▸ **ABOUT THIS EXERCISE**:
Restate word for word the lines of the entries below, starting with the line that holds "<p>Behaltet mich so" and ending with the line that holds "龙岩市长汀县TCL中央空调维修保养服务", and no others.

▸ **GIVEN ENTRIES**:
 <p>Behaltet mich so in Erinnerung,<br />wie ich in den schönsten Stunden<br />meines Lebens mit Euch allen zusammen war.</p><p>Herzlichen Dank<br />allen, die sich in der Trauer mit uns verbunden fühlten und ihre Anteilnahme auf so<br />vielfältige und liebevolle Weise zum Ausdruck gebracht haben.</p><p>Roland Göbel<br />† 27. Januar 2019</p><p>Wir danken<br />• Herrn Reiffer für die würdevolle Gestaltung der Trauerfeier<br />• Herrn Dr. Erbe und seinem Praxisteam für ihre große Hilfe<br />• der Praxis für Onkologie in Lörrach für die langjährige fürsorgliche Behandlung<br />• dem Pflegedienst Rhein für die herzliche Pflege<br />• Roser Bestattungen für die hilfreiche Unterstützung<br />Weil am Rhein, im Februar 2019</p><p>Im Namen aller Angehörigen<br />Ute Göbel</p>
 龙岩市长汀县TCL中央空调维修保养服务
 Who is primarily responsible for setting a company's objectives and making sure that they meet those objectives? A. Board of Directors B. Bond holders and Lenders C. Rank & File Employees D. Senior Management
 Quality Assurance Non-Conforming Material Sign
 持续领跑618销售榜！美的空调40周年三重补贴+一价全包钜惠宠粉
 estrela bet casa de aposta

==

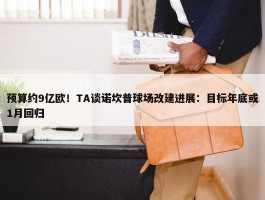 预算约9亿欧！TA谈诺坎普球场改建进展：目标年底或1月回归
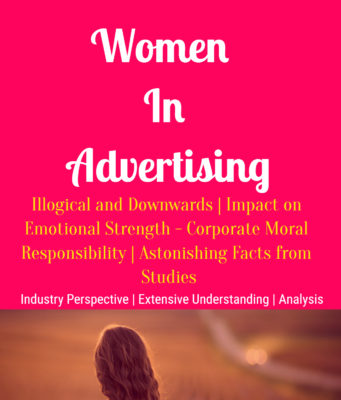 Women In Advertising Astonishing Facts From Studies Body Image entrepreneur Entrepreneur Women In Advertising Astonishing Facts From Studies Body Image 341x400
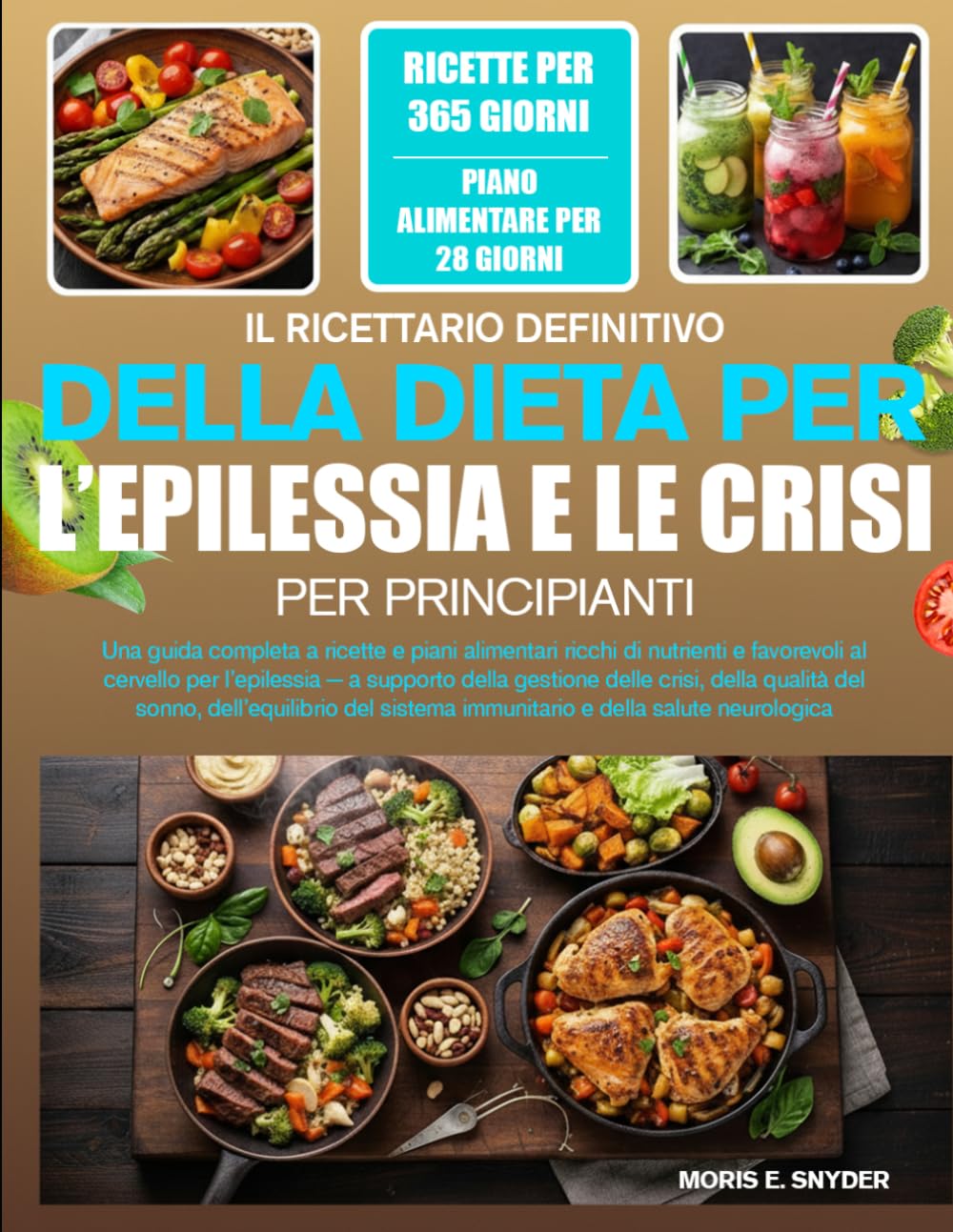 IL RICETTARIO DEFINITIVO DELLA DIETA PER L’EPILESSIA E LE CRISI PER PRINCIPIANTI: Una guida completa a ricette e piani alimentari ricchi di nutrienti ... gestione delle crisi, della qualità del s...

▸ **WRITTEN SOLUTION**:
 <p>Behaltet mich so in Erinnerung,<br />wie ich in den schönsten Stunden<br />meines Lebens mit Euch allen zusammen war.</p><p>Herzlichen Dank<br />allen, die sich in der Trauer mit uns verbunden fühlten und ihre Anteilnahme auf so<br />vielfältige und liebevolle Weise zum Ausdruck gebracht haben.</p><p>Roland Göbel<br />† 27. Januar 2019</p><p>Wir danken<br />• Herrn Reiffer für die würdevolle Gestaltung der Trauerfeier<br />• Herrn Dr. Erbe und seinem Praxisteam für ihre große Hilfe<br />• der Praxis für Onkologie in Lörrach für die langjährige fürsorgliche Behandlung<br />• dem Pflegedienst Rhein für die herzliche Pflege<br />• Roser Bestattungen für die hilfreiche Unterstützung<br />Weil am Rhein, im Februar 2019</p><p>Im Namen aller Angehörigen<br />Ute Göbel</p>
 龙岩市长汀县TCL中央空调维修保养服务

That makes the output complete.